Kyle Gann: Hovenweep
(2000)
Derek Bermel: Coming Together (1999)
John Mackey:
Breakdown Tango (2000)
Dennis De Santis: Make it Stop
(1999)
David Lang: THORN (1993)
Frederic Rzewski: Coming
Together (1972)
Da Capo Chamber Players:
David Bowlin,
violin
André Emelianoff, cello
Blair McMillen, piano
Patricia
Spencer, flute
Meighan Stoops, clarinet
Guest artist:
Steve Ben Israel,
speaker
i think the combination
of age and the greater coming together is responsible for the speed of
the passing time. its six months now and i can tell you truthfully few
periods in my life have passed so quickly. i am in excellent physical
and emotional health. there are doubtless subtle surprises ahead but i
feel secure and ready.
(Excerpt from Frederic
Rzewski’s Coming Together, text by Sam Melville)

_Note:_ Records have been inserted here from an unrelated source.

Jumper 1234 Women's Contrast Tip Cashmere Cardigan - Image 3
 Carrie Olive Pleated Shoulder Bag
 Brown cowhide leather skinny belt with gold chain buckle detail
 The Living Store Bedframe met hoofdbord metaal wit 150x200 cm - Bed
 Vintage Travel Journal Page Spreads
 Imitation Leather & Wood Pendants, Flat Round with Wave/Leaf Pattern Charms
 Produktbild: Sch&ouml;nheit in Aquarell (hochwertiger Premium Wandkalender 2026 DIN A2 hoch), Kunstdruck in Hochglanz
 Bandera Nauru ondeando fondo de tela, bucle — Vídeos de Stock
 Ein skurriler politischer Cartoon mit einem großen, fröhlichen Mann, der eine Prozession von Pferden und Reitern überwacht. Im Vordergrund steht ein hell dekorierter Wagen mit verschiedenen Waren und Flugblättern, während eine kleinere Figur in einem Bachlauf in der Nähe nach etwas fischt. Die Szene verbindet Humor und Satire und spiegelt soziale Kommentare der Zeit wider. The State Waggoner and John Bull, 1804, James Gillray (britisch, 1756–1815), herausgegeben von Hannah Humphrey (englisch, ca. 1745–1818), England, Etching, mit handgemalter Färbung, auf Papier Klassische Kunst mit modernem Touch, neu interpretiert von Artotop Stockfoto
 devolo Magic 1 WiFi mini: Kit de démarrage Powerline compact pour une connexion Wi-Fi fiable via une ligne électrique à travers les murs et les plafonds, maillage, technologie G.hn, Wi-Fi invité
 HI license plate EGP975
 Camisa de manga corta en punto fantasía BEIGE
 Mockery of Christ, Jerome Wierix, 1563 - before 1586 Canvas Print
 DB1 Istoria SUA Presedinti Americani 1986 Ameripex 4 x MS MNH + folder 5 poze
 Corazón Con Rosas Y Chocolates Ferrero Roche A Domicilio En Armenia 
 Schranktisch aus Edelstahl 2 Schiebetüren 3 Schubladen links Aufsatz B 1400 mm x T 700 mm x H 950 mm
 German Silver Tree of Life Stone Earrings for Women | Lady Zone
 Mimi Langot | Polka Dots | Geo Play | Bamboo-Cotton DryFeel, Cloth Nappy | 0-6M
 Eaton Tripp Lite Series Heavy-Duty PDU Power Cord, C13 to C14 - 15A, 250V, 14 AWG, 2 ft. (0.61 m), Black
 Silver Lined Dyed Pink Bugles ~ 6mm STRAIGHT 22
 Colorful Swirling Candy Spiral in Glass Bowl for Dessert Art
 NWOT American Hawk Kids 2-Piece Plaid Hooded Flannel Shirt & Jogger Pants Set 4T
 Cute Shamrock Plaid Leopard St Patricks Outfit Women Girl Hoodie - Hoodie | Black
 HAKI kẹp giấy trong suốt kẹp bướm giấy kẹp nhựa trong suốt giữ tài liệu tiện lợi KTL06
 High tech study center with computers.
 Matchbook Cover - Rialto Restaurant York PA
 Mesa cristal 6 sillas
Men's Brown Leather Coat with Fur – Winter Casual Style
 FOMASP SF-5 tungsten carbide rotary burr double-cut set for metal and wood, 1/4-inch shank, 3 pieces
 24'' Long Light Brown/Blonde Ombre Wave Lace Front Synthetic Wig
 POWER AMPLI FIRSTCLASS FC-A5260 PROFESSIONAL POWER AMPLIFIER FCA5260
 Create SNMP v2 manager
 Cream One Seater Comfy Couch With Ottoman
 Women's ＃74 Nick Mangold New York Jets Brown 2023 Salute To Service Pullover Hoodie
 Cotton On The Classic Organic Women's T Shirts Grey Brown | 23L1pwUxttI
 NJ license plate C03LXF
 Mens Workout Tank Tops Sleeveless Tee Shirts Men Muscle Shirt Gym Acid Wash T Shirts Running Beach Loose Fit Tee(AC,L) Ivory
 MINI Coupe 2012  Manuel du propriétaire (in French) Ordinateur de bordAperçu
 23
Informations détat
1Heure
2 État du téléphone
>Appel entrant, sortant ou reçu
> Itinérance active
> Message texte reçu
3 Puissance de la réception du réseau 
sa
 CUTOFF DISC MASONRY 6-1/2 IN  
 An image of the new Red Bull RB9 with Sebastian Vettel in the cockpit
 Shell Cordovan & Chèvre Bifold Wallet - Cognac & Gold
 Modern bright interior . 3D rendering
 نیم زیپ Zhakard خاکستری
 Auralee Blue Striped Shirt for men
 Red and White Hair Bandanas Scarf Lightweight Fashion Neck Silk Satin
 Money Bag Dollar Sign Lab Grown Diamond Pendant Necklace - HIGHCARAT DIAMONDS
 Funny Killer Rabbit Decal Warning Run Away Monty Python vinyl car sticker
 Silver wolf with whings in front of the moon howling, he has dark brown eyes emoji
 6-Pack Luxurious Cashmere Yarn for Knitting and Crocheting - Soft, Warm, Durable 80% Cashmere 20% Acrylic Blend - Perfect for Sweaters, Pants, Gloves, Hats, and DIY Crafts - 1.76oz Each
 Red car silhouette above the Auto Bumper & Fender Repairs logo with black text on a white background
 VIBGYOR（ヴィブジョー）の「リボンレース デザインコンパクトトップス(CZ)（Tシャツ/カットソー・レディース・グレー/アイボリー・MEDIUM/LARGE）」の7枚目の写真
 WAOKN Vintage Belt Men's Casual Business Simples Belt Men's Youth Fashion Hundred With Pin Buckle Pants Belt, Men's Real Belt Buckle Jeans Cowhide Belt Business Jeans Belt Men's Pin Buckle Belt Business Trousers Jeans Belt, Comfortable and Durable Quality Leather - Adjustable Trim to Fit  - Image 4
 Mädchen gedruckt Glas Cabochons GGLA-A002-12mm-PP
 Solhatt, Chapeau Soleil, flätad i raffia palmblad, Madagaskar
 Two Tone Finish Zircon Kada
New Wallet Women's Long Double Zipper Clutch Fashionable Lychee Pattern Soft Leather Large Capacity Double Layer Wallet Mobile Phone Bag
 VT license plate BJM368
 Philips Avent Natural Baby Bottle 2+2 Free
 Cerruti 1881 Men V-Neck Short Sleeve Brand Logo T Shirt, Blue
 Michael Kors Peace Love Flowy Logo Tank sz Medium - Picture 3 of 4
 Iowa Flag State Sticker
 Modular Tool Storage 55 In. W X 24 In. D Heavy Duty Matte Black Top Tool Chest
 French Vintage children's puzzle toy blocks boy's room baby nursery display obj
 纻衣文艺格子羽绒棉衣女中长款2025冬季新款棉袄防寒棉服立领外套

To mix up their routine a bit, the
venerable Da Capo Chamber Players gave up a gleeful program with some
well-known talents, a few not so well-known, and ended with a moving
performance of a classic. A definite plus was the venue, the Tap Room at
the Knitting Factory, which is a cozy space and has been enlarged and
renovated to improve the sight lines. I can’t see why many people
wouldn’t enjoy hearing music here while sitting at a small pub table and
enjoying a pint of Magic Hat No. 9 (a tasty beer from a small brewer in
Vermont).
If Brahms had delved into jazz, he
might have come up with something similar to Kyle Gann’s
Hovenweep, very swingily played and anchored by strong work from
the group’s pianist, Blair McMillen. John Mackey’s Breakdown
Tango was formerly titled Dementia, until as he explained, he
began to receive unpleasant notes from people suffering from same, which
I suppose implies that he has not yet received notes from those
suffering from breakdowns. It ended the first half with a careening,
buzzing, pleasantly almost-out-of-control force that again benefited
from McMillen’s sturdy rhythmic spine, as well as excellent, gutsy work
from violinist David Bowlin.
Meighan Stoops was clearly having a
fantastic evening, particularly in Derek Bermel’s unusual Coming
Together (no relation to the Rzewski). She and cellist André
Emelianoff brought the piece to life with precision that had me
chuckling. Constructed mostly of short, sighing glissandi, the
piece had Stoops’ clarinet in an almost sexual rapport with Emelianoff’s
cello. Bermel, like many of the composers on this program, is clearly
fascinated by jazz, and this work benefited from its interpreters’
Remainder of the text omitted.